Но вернемся к дневнику Зинаиды Николаевны Гиппиус. 25 января 1918: «Пока нет начала света – предрекаю: напрасны кривлянья Луначарского, тщетны пошлые безумства Ленина, ни к чему все предательства Троцкого-Бронштейна, да и бесцельны все «социалистические» их декреты, хотя бы 10 лет они издавались 10 лет сидящими большевиками. Впрочем, 10 лет декреты издаваться наверно не будут, ибо гораздо раньше уничтожат физически все окружающее и всех людей. Это они могут».
И дальнейшая приписка: «Грабят сплошь. И убивают».
Запись от 14 апреля 1918 года: «В среду на Страстной – 1 мая по новому стилю. Владыки объявили «праздник своему народу». Луначарский, этот изолгавшийся парикмахер, клянется, что устроит «из праздников праздник», красоту из красот. Будут возить по городу колесницы с кукишами (старый мир) и драконов (новый мир, советская коммуна). Потом кукиши сожгут, а драконов будут венчать. Футуристы воспламенились, жадно мажут плакаты. Луначарский обещает еще «свержение болванов» – старых памятников. Уже целятся на скульптуру барона Клодта на Мариинской площади (памятник Николаю I)».
14 октября 1918: «В Гороховой «чрезвычайке» орудуют женщины (Стасова, Яковлева), а потому царствует особенная – упрямая и тупая, – жестокость.
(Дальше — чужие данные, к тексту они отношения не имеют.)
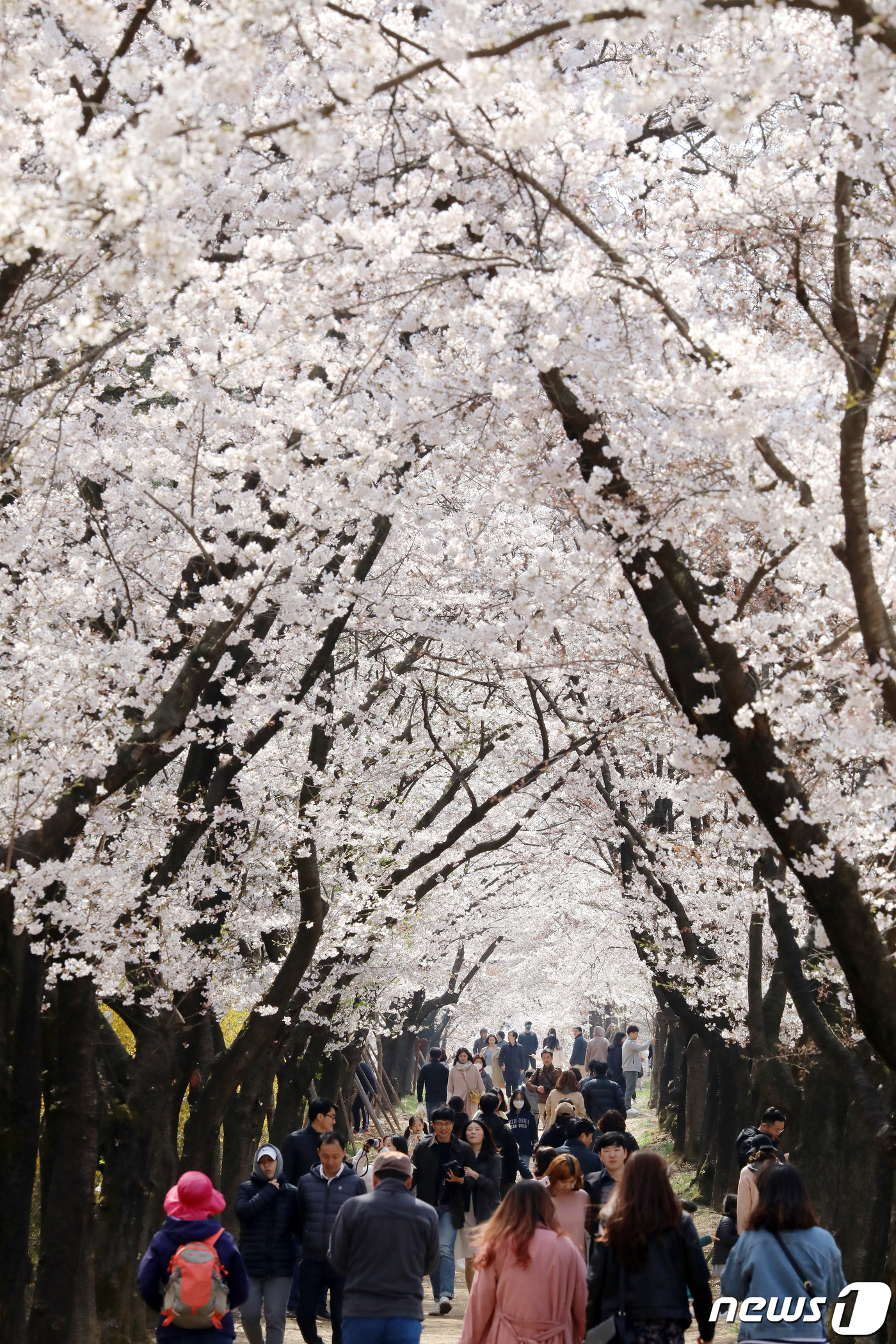 (경산=뉴스1) 공정식 기자 = 3월의 마지막 휴일인 31일 꽃샘추위에도 아랑곳하지 않고 경북 경산시 영남대학교 러브로드를 찾은 시민들이 벚꽃이 활짝 핀 산책로를 걸으며 봄의 정취 …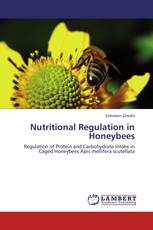 Nutritional Regulation in Honeybees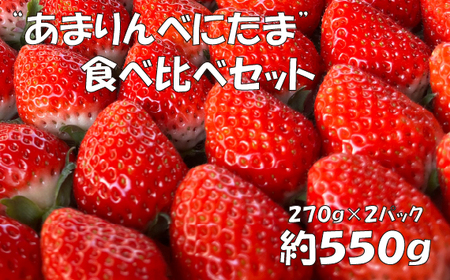 【あまりん×べにたま】食べ比べセット　550g ／ いちご 苺 食べ比べ 国産いちご 甘い 酸味 バランス 香り みずみずしい 高設栽培 農園直送 フルーツ ギフト デザート 自宅用 埼玉県 No.331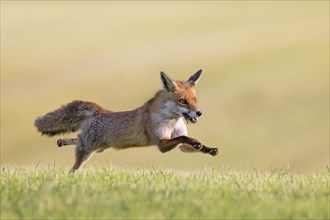 Red fox (Vulpes vulpes) running with caught mouse prey in mouth through freshly mowed meadow, cut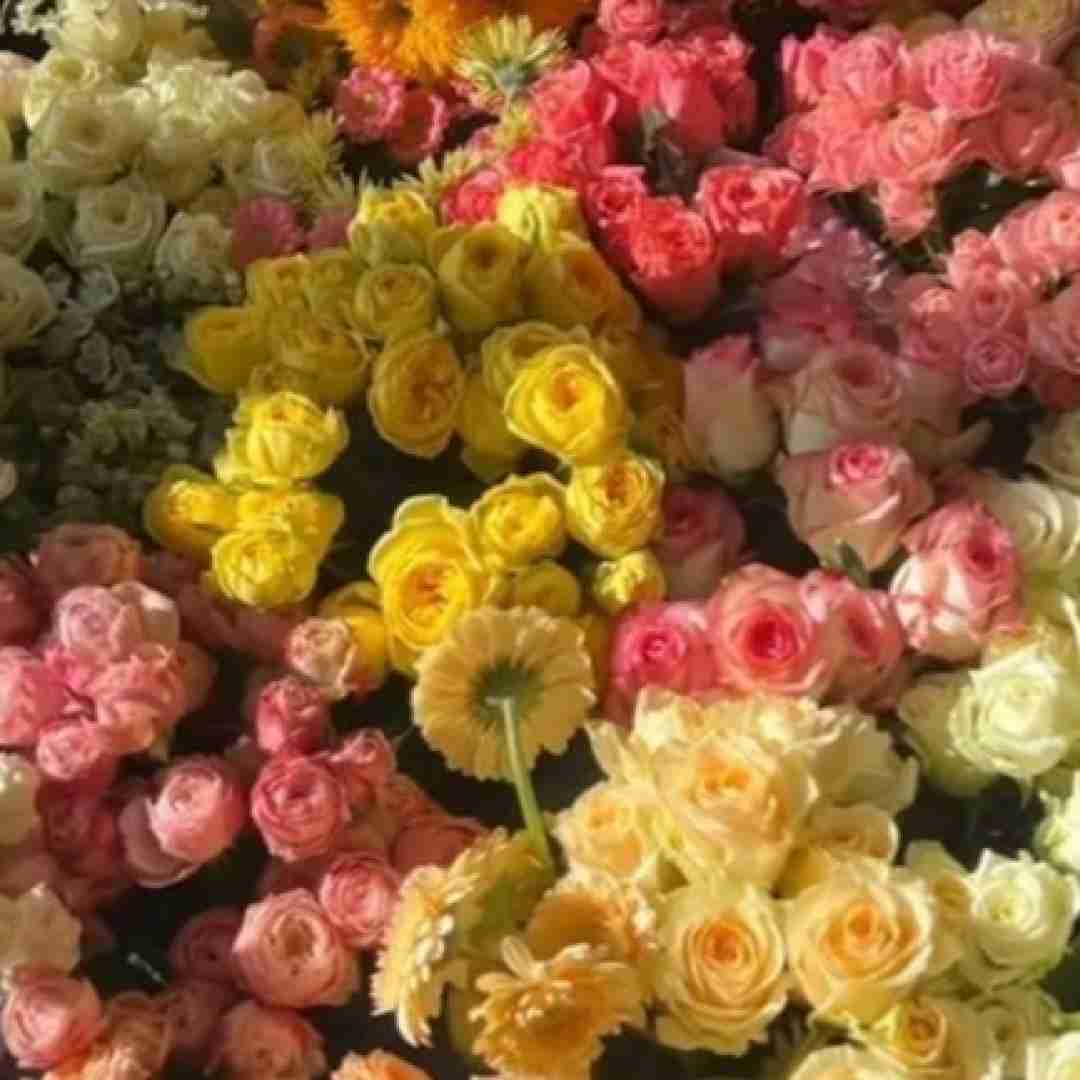 دانلود آهنگ وای وای دختر زاهدانی با صدای بچه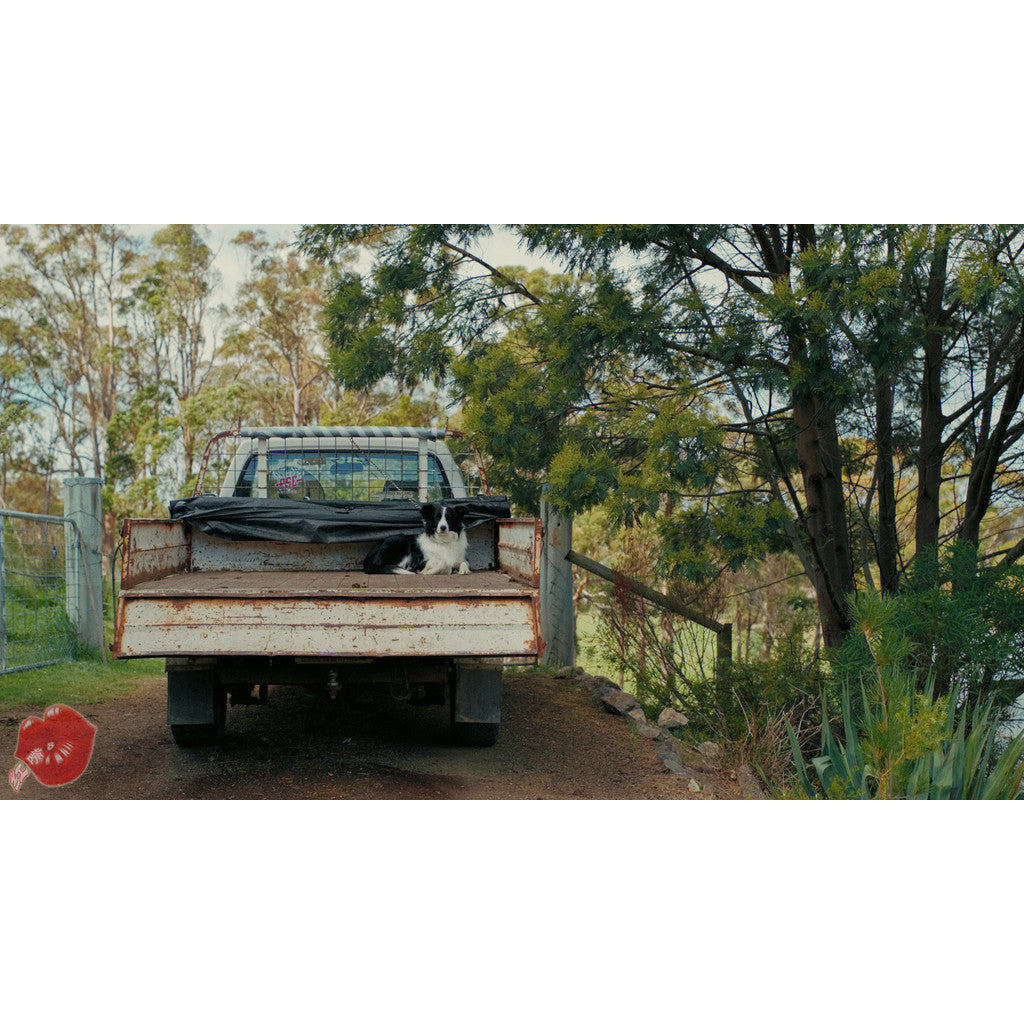 🎬 PowerGrade – DaVinci Kodak 2393 Film Emulation Curve Node – KODAK 2393 PowerGrade ✨ [ MICHIGO STUDIO ]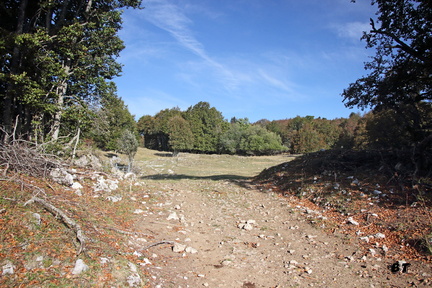IMG 2020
Даже Луначарский с ней борется, и тщетно: только плачет (буквально, слезами)».
22 октября Гиппиус, комментируя слух об убийстве Василия Розанова, «русского Ницше», восклицала: «Я не хочу верить, но ведь все возможно в нашем «культурном раю», г-да Горькие и Луначарские!..»
В одной из записей «Черной тетради» Зинаида Николаевна припечатала Марию Андрееву: «Эта истерическая особа, жена Горького, которая работает с Луначарским: «Ах, я с удовольствием… И вечер устрою…»
Если записи у Зинаиды Гиппиус полны сарказма, то в дневнике Корнея Чуковского касательно Луначарского присутствуют мягкий юмор и ирония. Вот некоторые записи:
14 февраля 1918 года: «У Луначарского. Я видаюсь с ним чуть не ежедневно. Меня спрашивают, отчего я не выпрошу у него того-то или того-то. Я отвечаю: жалко эксплуатировать такого благодушного ребенка. Он лоснится от самодовольства. Услужить кому-нибудь, сделать одолжение – для него ничего приятнее! Он мерещится себе как некое всесильное благостное существо – источающее на всех благодать: – Пожалуйста, не угодно ли, будьте любезны, – и пишет рекомендательные письма ко всем, к кому угодно – и на каждом лихо подмахивает: Луначарский. Страшно любит свою подпись, так и тянется к бумаге, как бы подписать. Живет он в доме Армии и Флота – в паршивенькой квартирке – наискосок от дома Мурузи, по гнусной лестнице. На двери бумага: «Здесь приема нет. Прием тогда-то от такого-то часа в Зимнем Дворце, тогда-то в Министерстве просвещения и т. д.» Но публика на бумажку никакого внимания, – так и прет к нему в двери, – и артисты Императорских театров, и бывшие эмигранты, и прожектеры, и срыватели легкой деньги, и милые поэты из народа, и чиновники, и солдаты – все – к ужасу его сварливой служанки, которая громко бушует при каждом новом звонке. «Ведь написано». И тут же бегает его сынок Тотоша, избалованный хорошенький крикун, который – ни слова по-русски, все по-французски, и министериабельно – простая мадам Луначарская – все это хаотично, добродушно, наивно, как в водевиле.